Referees chief hits out at Milan claims
Italian referees chief Marcello Nicchi has hit back at AC Milan over the 'phantom goal' that was not awarded against Catania at the weekend.
Milan drew 1-1 in Sicily but felt they should have had an extra goal when Robinho's shot appeared to be cleared off the line by Giovanne Marchese.
Television replays were hardly conclusive, with one angle suggesting the entire ball had crossed the line but all the others doing the exact opposite.
Milan chief executive Adriano Galliani had reacted angrily claiming that it was the second time his side had been robbed of a valid goal.
The previous occasion was against Juventus when Sulley Muntari's shot was clawed back from about a metre behind the line by goalkeeper Gianluigi Buffon, only for the officials to miss it.
"There's little to discuss about the Muntari one in Milan-Juve, we all saw it, I was at the stadium, it was a bad mistake and the first thing we (the Referees' Commission) did was to study how that could happen," said Nicchi.
"But it's like when a goalkeeper misses a cross, or a striker misses a goal or a divet becomes decisive.
"The Catania incident, however, was different. Robinho's was not a goal and no one can show that it was one.
"People are talking about something that doesn't exist, the ball didn't go in and I'm adamant that it wasn't a goal."
That wasn't Galliani's view and he even wrote to Italian Football Federation (Figc) president Giancarlo Abete asking for the Italian League to consider introducing goaline officials like there are in the Champions League.
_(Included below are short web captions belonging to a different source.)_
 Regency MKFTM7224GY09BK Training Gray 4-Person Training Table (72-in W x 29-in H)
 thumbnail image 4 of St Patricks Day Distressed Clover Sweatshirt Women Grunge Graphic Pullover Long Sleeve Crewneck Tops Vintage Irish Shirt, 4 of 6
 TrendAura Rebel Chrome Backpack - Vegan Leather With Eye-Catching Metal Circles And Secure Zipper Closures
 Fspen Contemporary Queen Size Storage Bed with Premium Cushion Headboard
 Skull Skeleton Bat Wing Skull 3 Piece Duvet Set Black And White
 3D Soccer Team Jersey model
"Milan have been the victims on two recent occasions of as many refereeing mistakes," said Galliani in his letter.
"During Milan-Juventus and Catania-Milan two goals, which would have been decisive to the result (both games were drawn), were not validated because the officials did not see that the entire ball had crossed the line.
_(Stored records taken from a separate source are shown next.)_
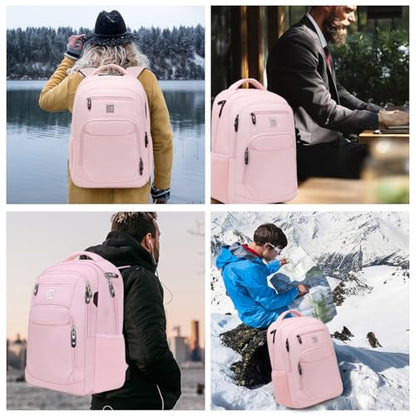 Volher Laptop Backpack,Business Travel Anti Theft Slim Durable Laptops Backpack,Water Resistant College Computer Bag for Women & Men Fits 15.6 Inch Laptop and Notebook-Light Pink - color: Light Pink, size: 15.6 Inch, style: Laptop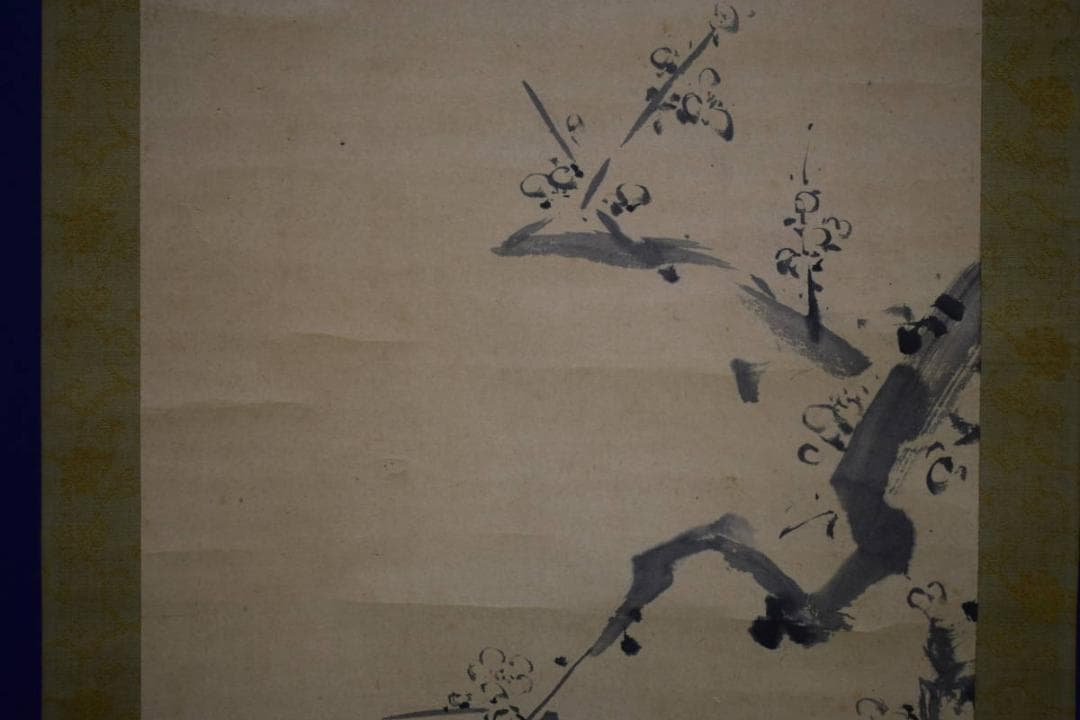 真作/狩野常信/梅花水仙図/布袋屋掛軸HH-912 - メルカリ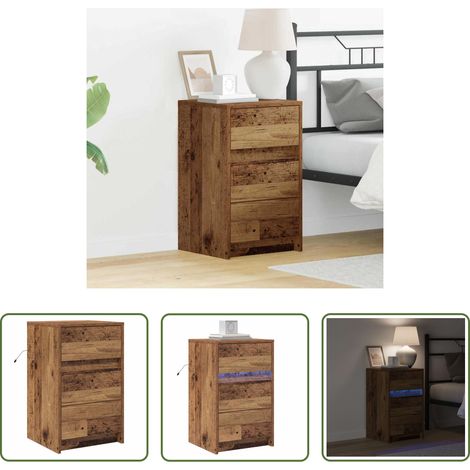 Nachttisch mit Schubladen -  Nachttisch mit Schubladen Altholz 38 x 34 x 61 cm Holzwerkstoff (1/5)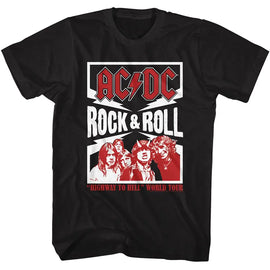 Acdc-Acdc Rock And Roll Lightning-Black Adult S/S T-Shirt - Black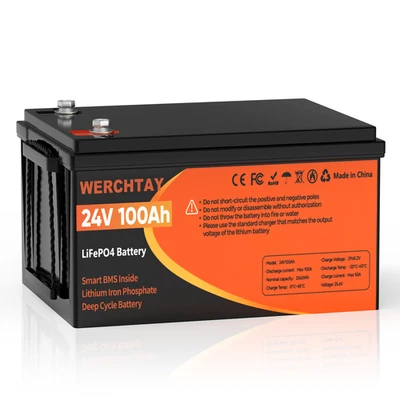 WERCHTAY LiFePO4 100Ah 24V Lithium Batterie Solarbatterie Wohnmobil Solar Boot Akku BMS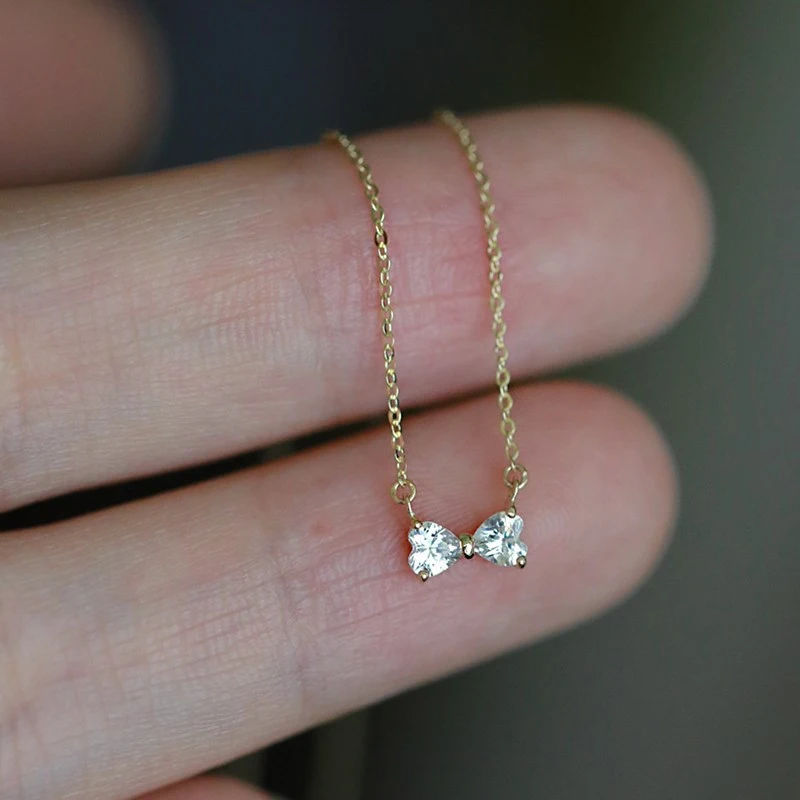 Ins Style Niche Light Luxury Heart-shaped Zircon Clavicle Chain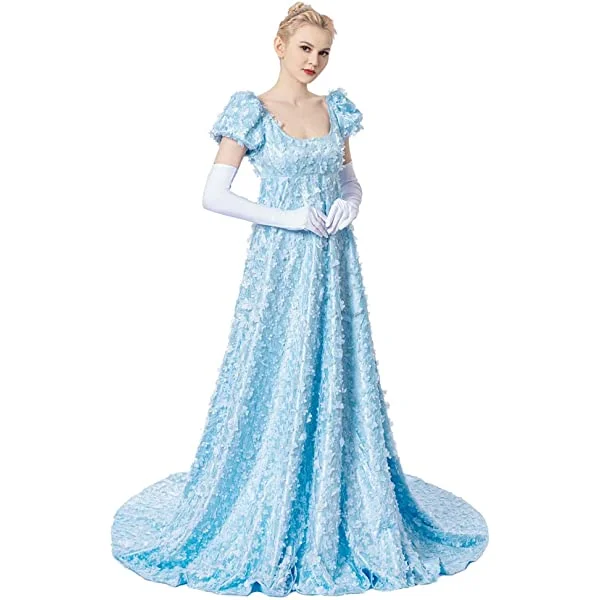 Daphne Bridgerton Costume Women's Regency Dress Floral Empire Waist Dress Gown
"Even people who officiate at football matches inevitably make mistakes but some of those are truly difficult to accept, even considering all disposable reason and understanding.
"Such as the two against Milan."
Galliani coninued: "I understand that technological solutions could find obstacles and may not be accepted by the system.
"But I think there is good reason to adopt the goalline officials which UEFA does in the Champions League."
It's not just Milan who have been complaining this season, Juventus have spent much of the campaign moaning that they don't get enough penalties.
But Inter Milan president Massimo Moratti has an interesting take on that, particularly after his side conceded three penalties in Sunday's freak 5-4 win over Genoa.
He says the more success teams get, the more the complain.
"It speaks for itself, it must be a record for a team to concede three penalties at home, two of which were a bit strange," he said about the Genoa game.
"As for others making more noise, they are more ambitious than us, they're fighting for the title and every point is important.
"Plus, maybe we're used to it (getting bad decisions)."